Make an exact copy of the records, dropping all pictures.

» **SUPPLIED RECORDS**:
▬▬▬▬▬▬

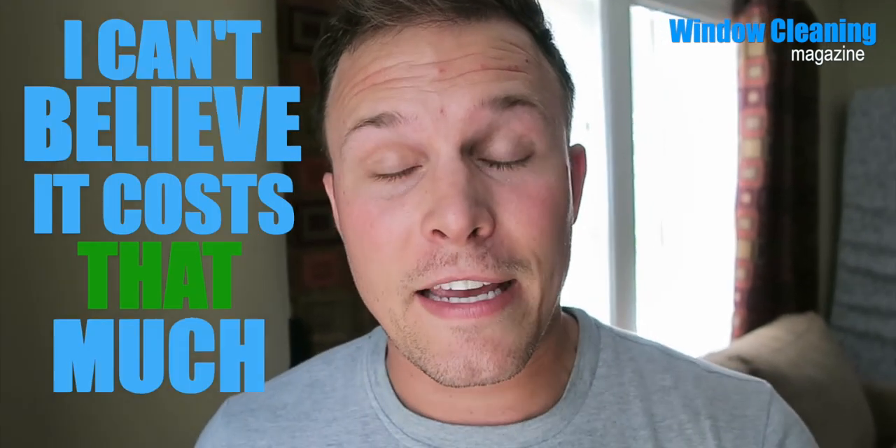Ask those two questions to qualify the prospect and make sure it's worth your gas money and your time. How many times in your early years will you drive out to a prospect who's never had their windows cleaned, tell them the price, and they can't believe it costs that much — and you wonder why you wasted an hour. Have you ever had your windows professionally cleaned before? How bad are they? How long has it been? If they say yes, it's been six months — they understand the price that's coming. They know this is a luxury service and that you're going to make some money.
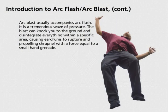ArcBlast usually accompanies ArcFlash. It is a tremendous wave of pressure. The blast can knock you to the ground and disintegrate everything within a specific area, causing eardrums to rupture and propelling shrapnel with a force equal to a small hand grenade.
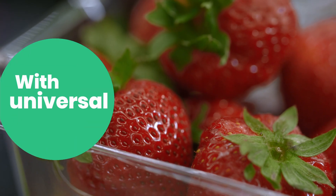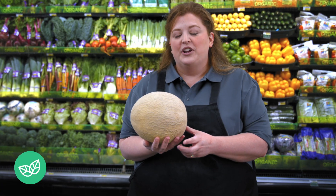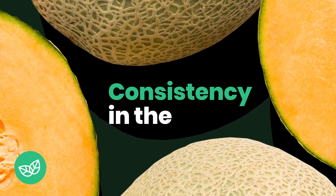When picking berries, always look for a firm, bright fruit with universal color. Always look for an average size melon that actually weighs more than you think that it would. Look for a nice, even texture and consistency in the skin.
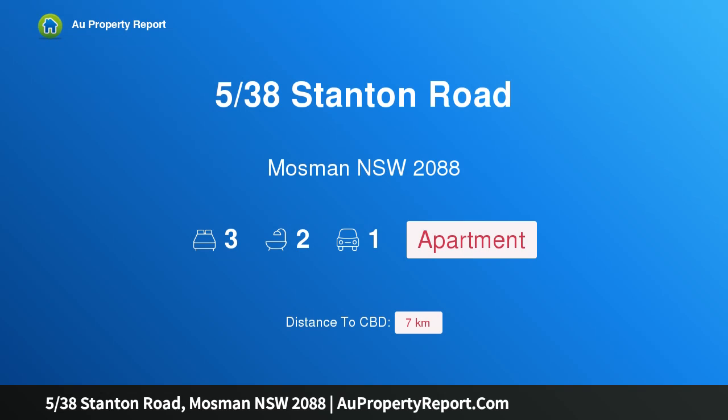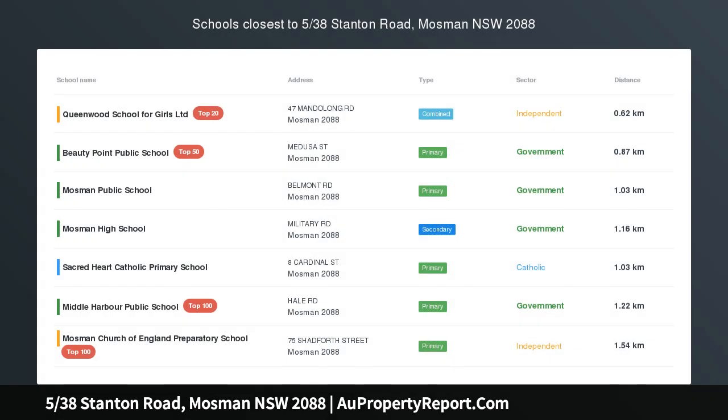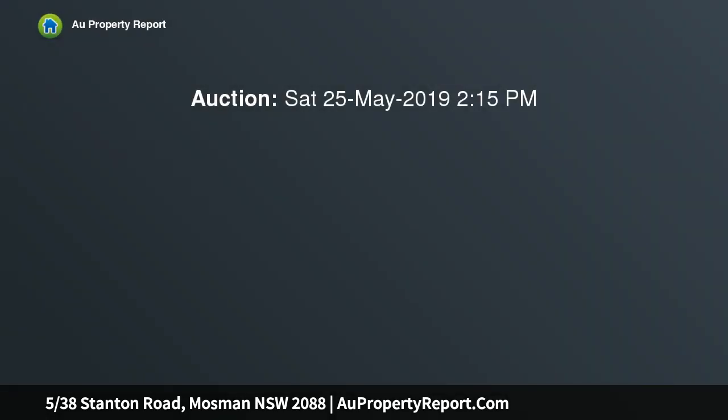Welcome to 538 Stanton Road, Mosman, New South Wales 2088. Open Saturday 1:45 PM to 2:15 PM. Enjoying a perfect northerly aspect and an expansive outlook with water glimpses, this spacious apartment offers immense potential in a coveted location.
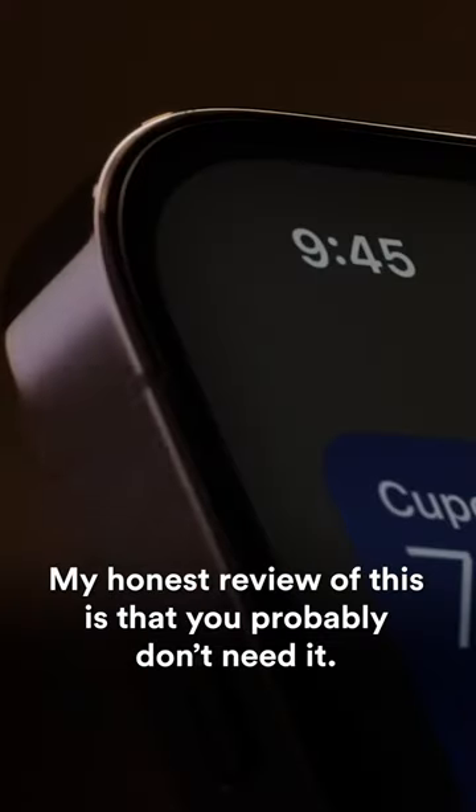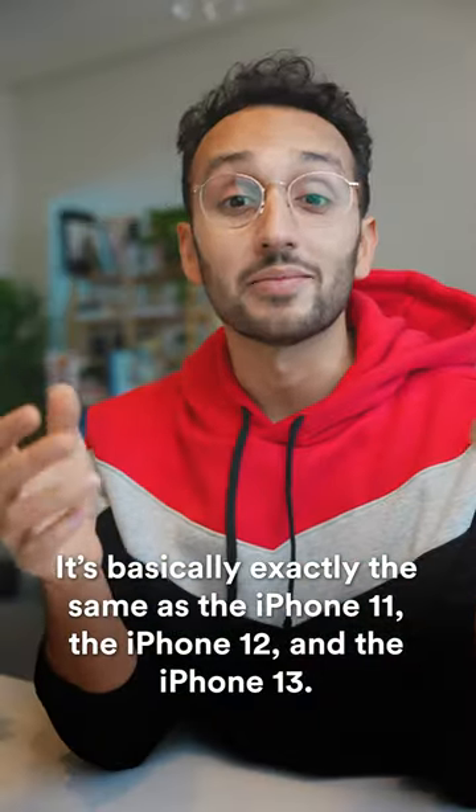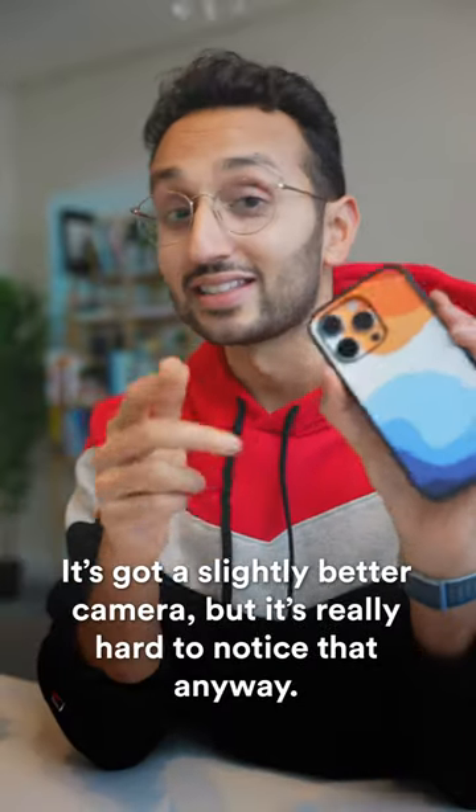Should you buy the new iPhone 14? My honest review is that you probably don't need it. It's basically exactly the same as the iPhone 11, the iPhone 12, and the iPhone 13. It's just slightly faster, but you're never gonna notice that anyway. It's got a slightly better camera, but it's really hard to notice that anyway.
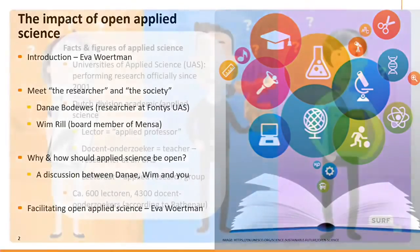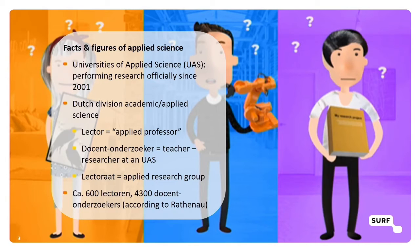Before we go ahead, I think it's good to take some time for the concept of applied science, because the type of research that universities of applied sciences are performing is not that common, not that well-known as academic research, for example.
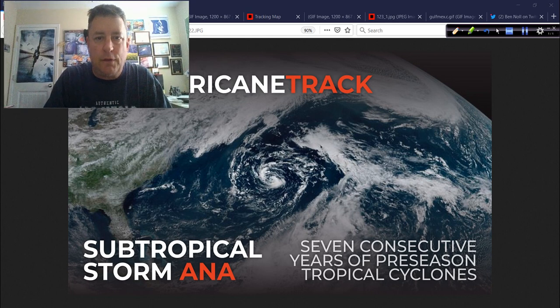Good afternoon. Mark Sutton with Hurricanetrack.com here with your Hurricane Outlook and Discussion, back at home in Wilmington, North Carolina. It is Saturday, the 22nd day of May 2021.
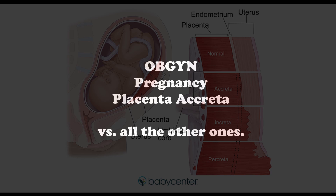Placenta previa clinically is typically diagnosed incidentally on second trimester ultrasound. What you can see is myometrial thinning and also numerous placental lacunae. These placental lacunae are just vascular spaces that are filled with maternal blood.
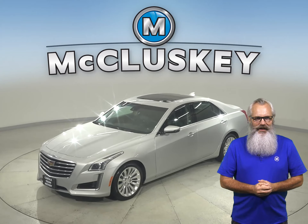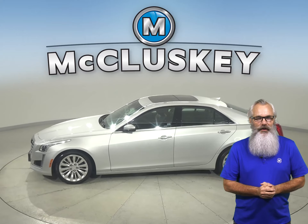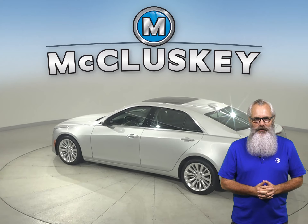This 2017 Cadillac CTS is ready to hit the road. In fact, it's gone through our extensive 172-point inspection and is more than ready to hit the road.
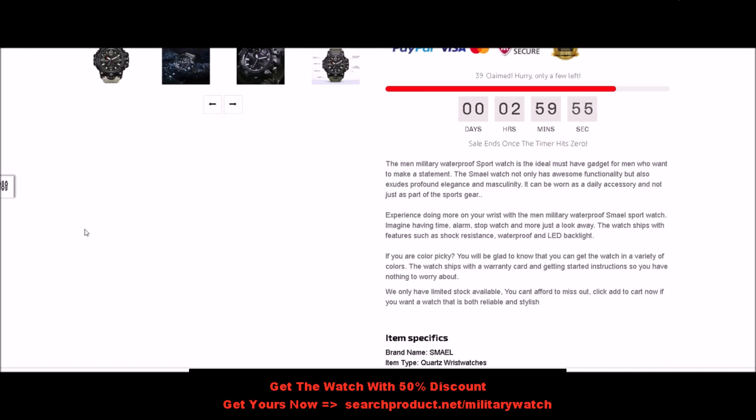Imagine having time, alarm, stopwatch, and more just a look away. The watch ships with features such as shock resistance, waterproof protection, and LED backlight.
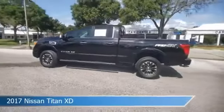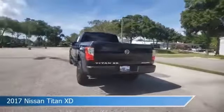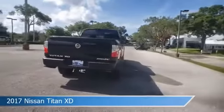Take a look at this 2017 Nissan Titan XD, equipped with a 7-speed automatic transmission in magnetic black.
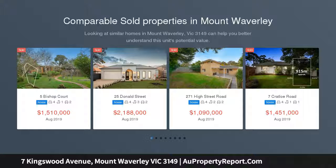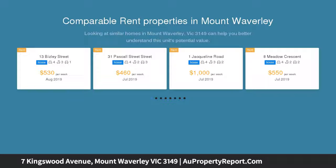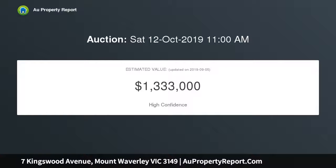Transcending the years with timeless elegance, this beautifully styled single-level home is as relevant today as it was when built, and offers a fabulous family lifestyle in the Mount Waverley Secondary Catchment, STSA.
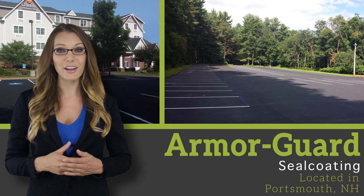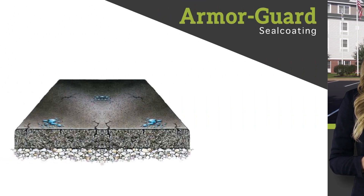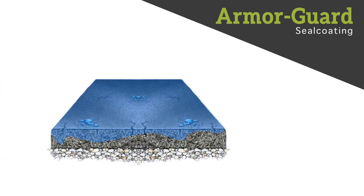Seal coating your driveway or parking lot is the most cost-effective way to protect it from deterioration due to sunlight, ice, salts, and other chemicals.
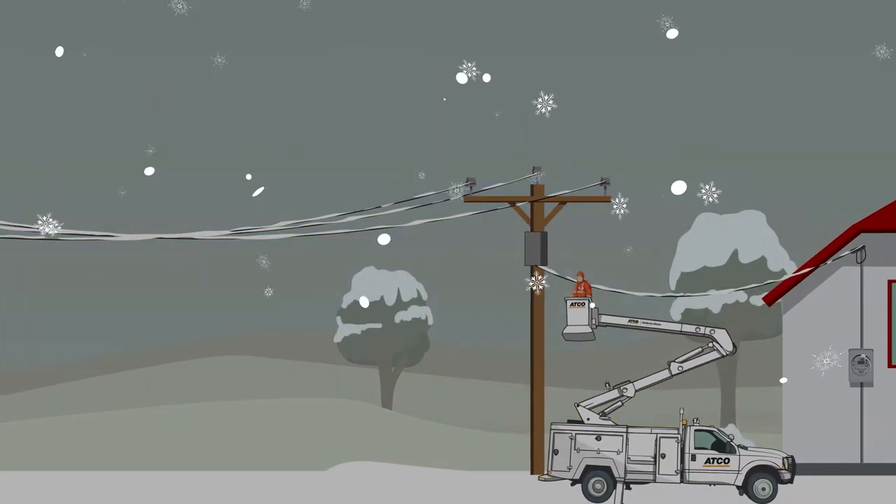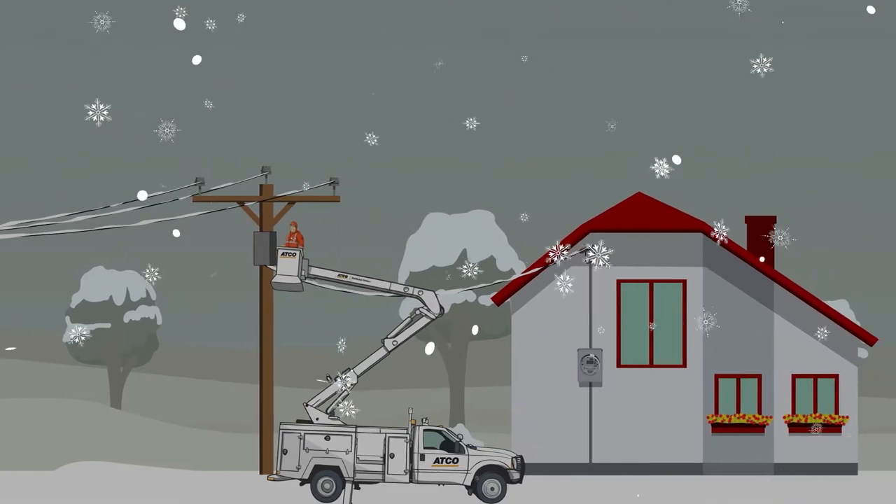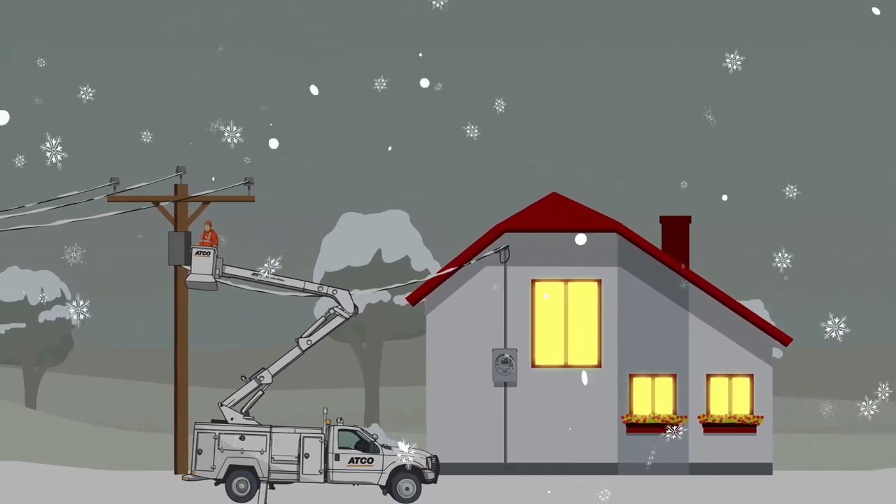When the power goes out, regardless of the cause, it's ATCO Electric employees who fix it, no matter the time or weather.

▬▬▬▬▬▬

» **TASK ANSWER**:
Ask those two questions to qualify the prospect and make sure it's worth your gas money and your time. How many times in your early years will you drive out to a prospect who's never had their windows cleaned, tell them the price, and they can't believe it costs that much — and you wonder why you wasted an hour. Have you ever had your windows professionally cleaned before? How bad are they? How long has it been? If they say yes, it's been six months — they understand the price that's coming. They know this is a luxury service and that you're going to make some money.
ArcBlast usually accompanies ArcFlash. It is a tremendous wave of pressure. The blast can knock you to the ground and disintegrate everything within a specific area, causing eardrums to rupture and propelling shrapnel with a force equal to a small hand grenade.
When picking berries, always look for a firm, bright fruit with universal color. Always look for an average size melon that actually weighs more than you think that it would. Look for a nice, even texture and consistency in the skin.
Welcome to 538 Stanton Road, Mosman, New South Wales 2088. Open Saturday 1:45 PM to 2:15 PM. Enjoying a perfect northerly aspect and an expansive outlook with water glimpses, this spacious apartment offers immense potential in a coveted location.
Should you buy the new iPhone 14? My honest review is that you probably don't need it. It's basically exactly the same as the iPhone 11, the iPhone 12, and the iPhone 13. It's just slightly faster, but you're never gonna notice that anyway. It's got a slightly better camera, but it's really hard to notice that anyway.
Before we go ahead, I think it's good to take some time for the concept of applied science, because the type of research that universities of applied sciences are performing is not that common, not that well-known as academic research, for example.
Good afternoon. Mark Sutton with Hurricanetrack.com here with your Hurricane Outlook and Discussion, back at home in Wilmington, North Carolina. It is Saturday, the 22nd day of May 2021.
Placenta previa clinically is typically diagnosed incidentally on second trimester ultrasound. What you can see is myometrial thinning and also numerous placental lacunae. These placental lacunae are just vascular spaces that are filled with maternal blood.
This 2017 Cadillac CTS is ready to hit the road. In fact, it's gone through our extensive 172-point inspection and is more than ready to hit the road.
Imagine having time, alarm, stopwatch, and more just a look away. The watch ships with features such as shock resistance, waterproof protection, and LED backlight.
Take a look at this 2017 Nissan Titan XD, equipped with a 7-speed automatic transmission in magnetic black.
Transcending the years with timeless elegance, this beautifully styled single-level home is as relevant today as it was when built, and offers a fabulous family lifestyle in the Mount Waverley Secondary Catchment, STSA.
Seal coating your driveway or parking lot is the most cost-effective way to protect it from deterioration due to sunlight, ice, salts, and other chemicals.
When the power goes out, regardless of the cause, it's ATCO Electric employees who fix it, no matter the time or weather.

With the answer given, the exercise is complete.